Quel est aujourd’hui notre idéal?
Rappelons qu’il y a eu ici dans notre pays des Togolais qui se sont montrés dignes. Le cas, entre autres, «des déportés de Mango», au début des années 20, qui ont été conduits hors de leur milieu pour avoir refusé de signer avec les colons français des accords contraires à leur conviction. C’est un exemple de dignité à suivre.
Une meilleure prise en charge de l’administration de l’Etat
L’effet de cette pauvreté se sent même au niveau de l’Etat. Le manque de responsabilité, clairement définie et bien assumée, engendre des comportements peu orthodoxes qui faussent la règle du jeu. En effet, est-il besoin, que des fonctionnaires des Institutions de Bretton Woods réunissent presque tout le cabinet ministériel pour lui rendre compte des conclusions de leur mission. Cette particularité togolaise amène à s’interroger sur l’organisation réelle de notre administration. Il n’est pas rare de voir les Politiques se substituer aux techniciens qui eux ne font que de la figuration. Un homme politique soucieux du bien commun doit réunir des qualités exceptionnelles, être un organisateur sachant motiver les hommes et un éducateur hors ligne à travers son comportement et ses exemples pratiques.

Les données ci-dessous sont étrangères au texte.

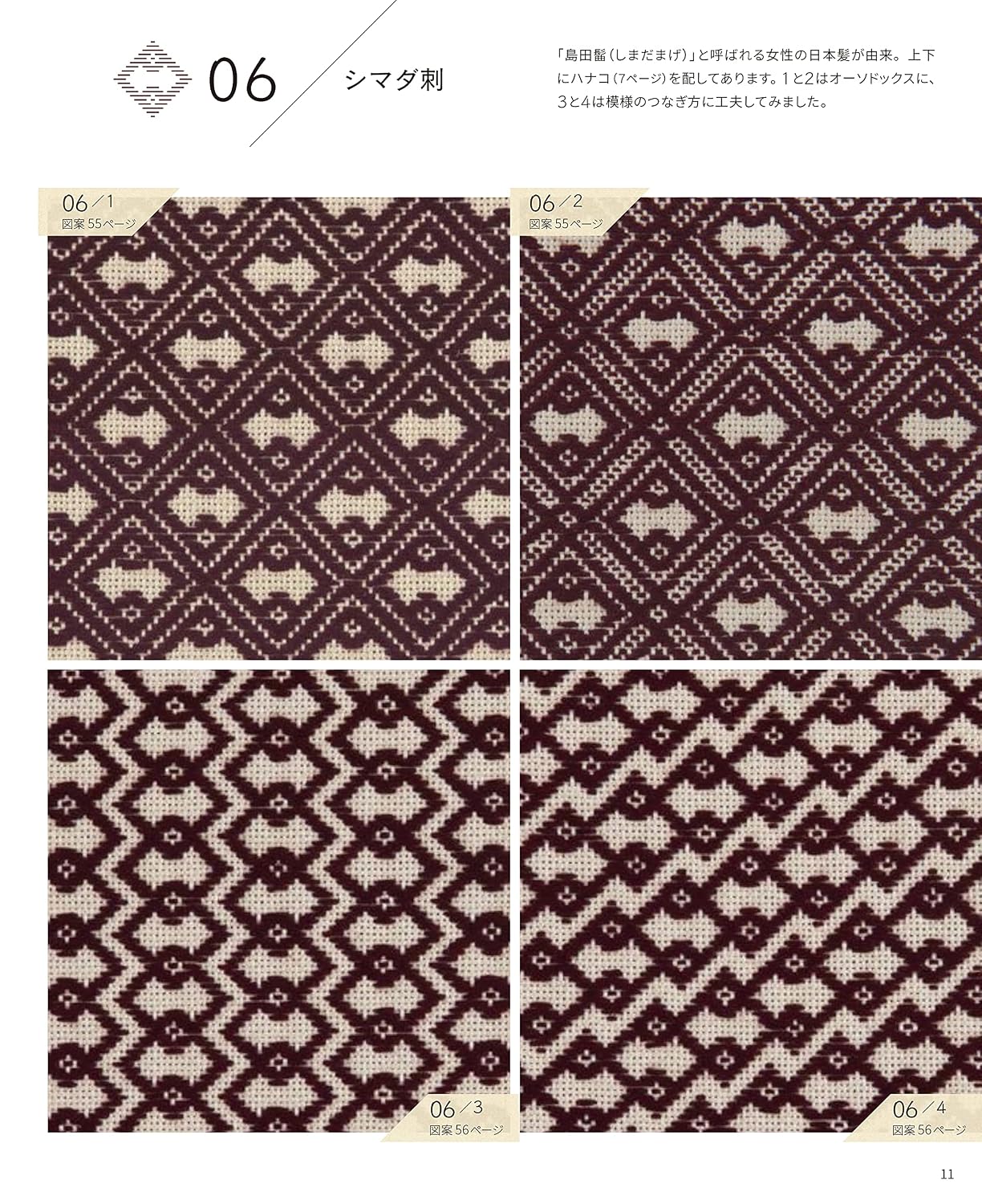 (PREORDER-Delivery in 48hrs) 88 Traditional Continuous Kogin Embroidery Pattern Designs (Tomoko Ueki) (2021)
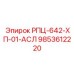Клапанный блок РПЦ-642-ХП-01-АСЛ артикул 9853612220 производства Epiroc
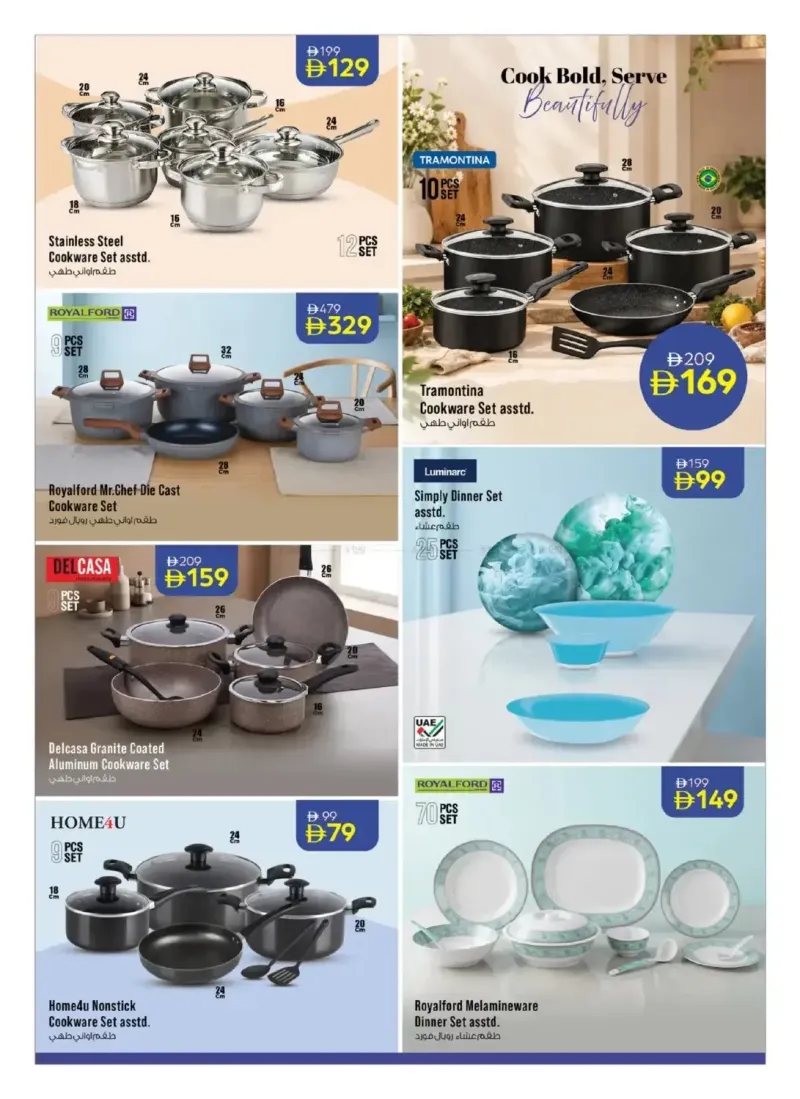 Nesto weekly ad Oct 1 – Oct 18, 2026 – page 3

Il est temps de localiser clairement la responsabilité finale des décisions et d’établir une complémentarité entre les fonctions et entre les hommes. Le Togo doit se prendre en charge et s’affirmer vis-à-vis des institutions étrangères pour ne pas tirer prétexte de tout échec éventuel du programme du gouvernement pour dire aux Togolais que c’est le FMI et la Banque Mondiale qui ont dicté au Togo le programme. Dans ce contexte, il aurait été plus sage d’avoir une vision et un programme conséquent à soumettre et à discuter avec les partenaires en développement plutôt que d’attendre de ces derniers les directives sur ce que nous devons faire pour notre propre développement. Cela rendra la tâche plus facile pour les parties en présence et donnera plus de sens à la souveraineté du pays qui a un contenu au-delà du mot.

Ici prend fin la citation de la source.